WHAT YOU WILL DO:
The output should hold exactly, and only, the lines from the line bearing "Chinelos de mulher" through the last line of the listing below, and no pictures.

EXERCISE DATA section start

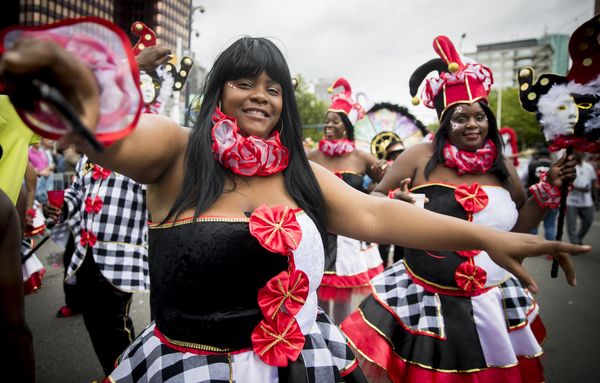 In beeld: Straatparade Zomercarnaval Rotterdam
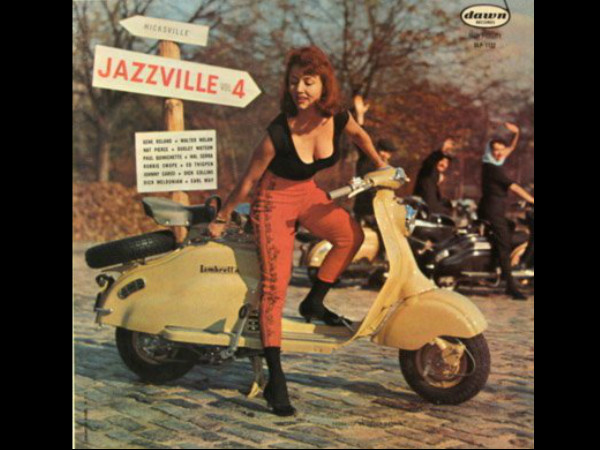 ക്ലാസിക് വെസ്പ സ്കൂട്ടർ പോസ്റ്ററുകള്‍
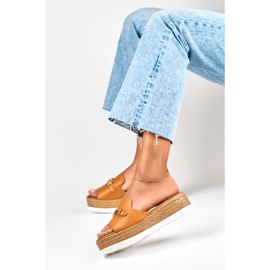 Chinelos de mulher cor de laranja com cunha baixa 2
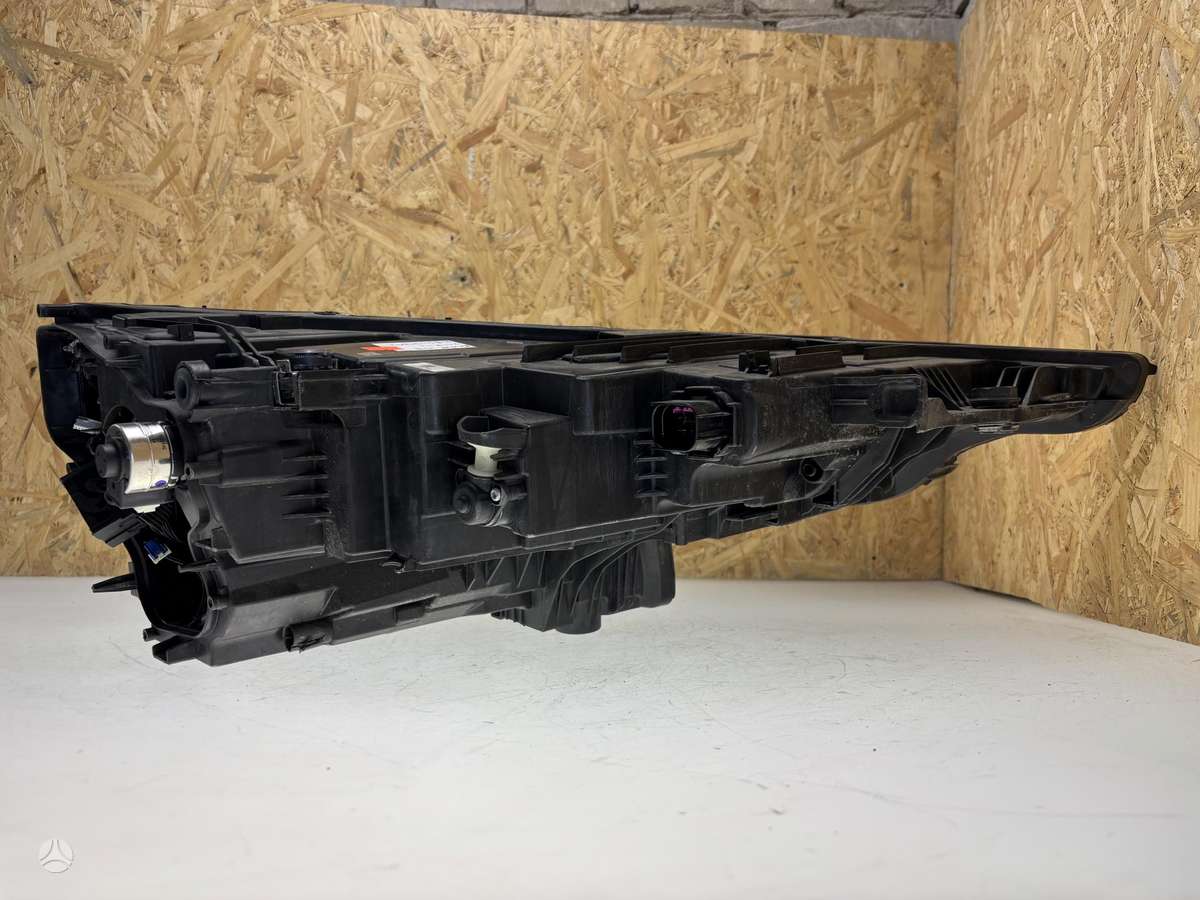 Audi Q8, 4M8941035, Cen23388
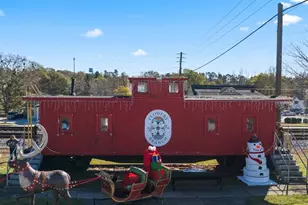 6737 Leigh St, Flowery Branch, GA 30542 - Photo 107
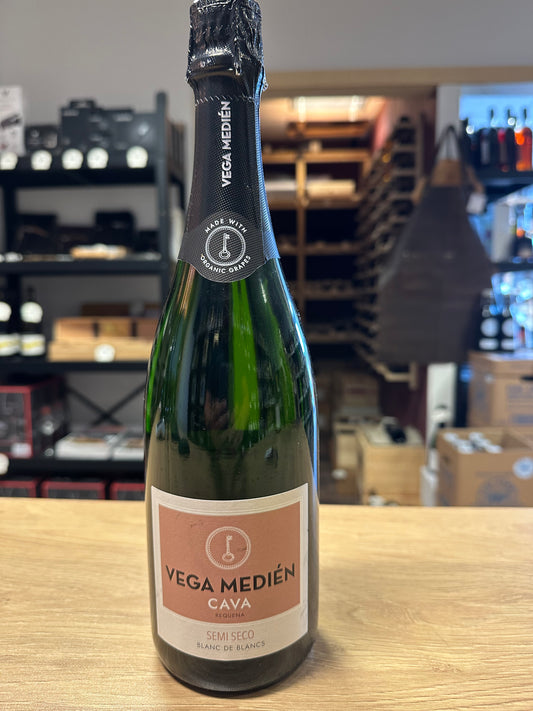 Vega Median Cava semi seco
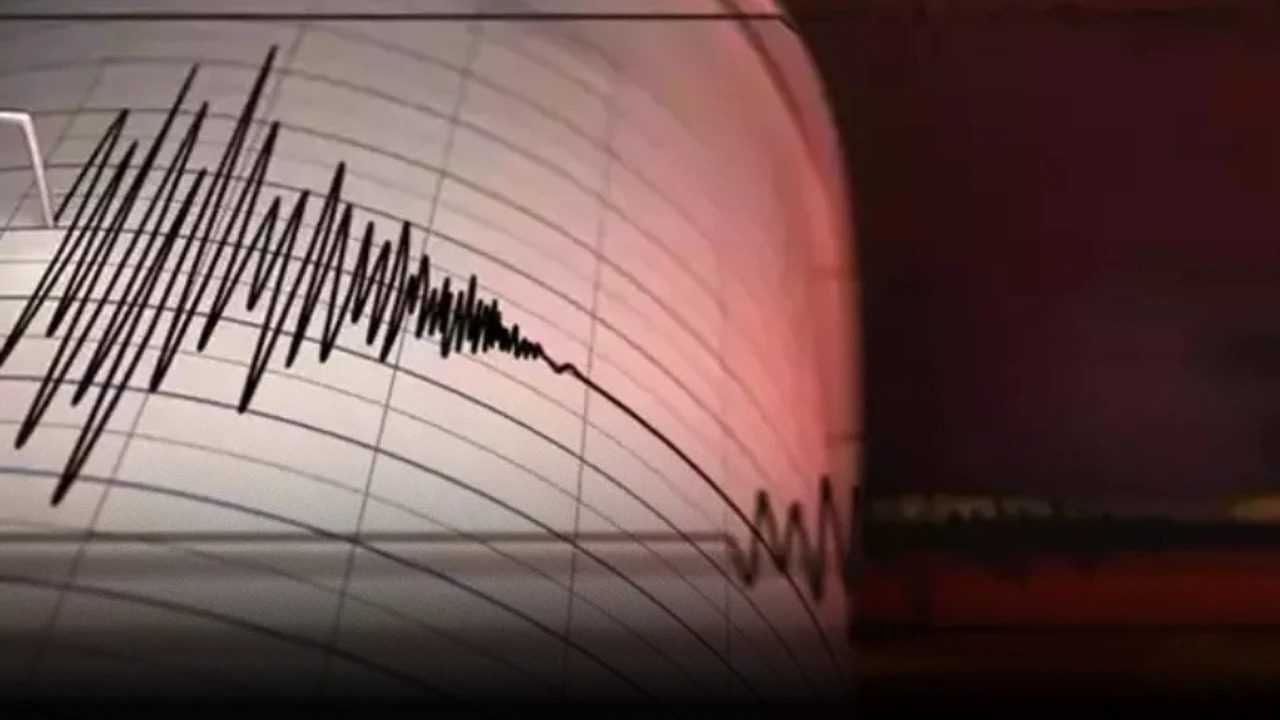 Balıkesir! Sındırgı Merkezli Deprem Paniğe Neden Oldu 4 Balikesir Sindirgi Merkezli Deprem Panige Neden Oldu 5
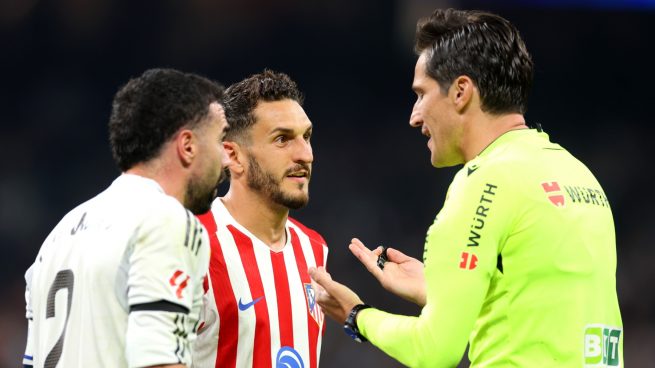 Munuera Montero conversa con Koke y Carvajal durante el derbi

EXERCISE DATA section end

WORKED SOLUTION:
 Chinelos de mulher cor de laranja com cunha baixa 2
 Audi Q8, 4M8941035, Cen23388
 6737 Leigh St, Flowery Branch, GA 30542 - Photo 107
 Vega Median Cava semi seco
 Balıkesir! Sındırgı Merkezli Deprem Paniğe Neden Oldu 4 Balikesir Sindirgi Merkezli Deprem Panige Neden Oldu 5
 Munuera Montero conversa con Koke y Carvajal durante el derbi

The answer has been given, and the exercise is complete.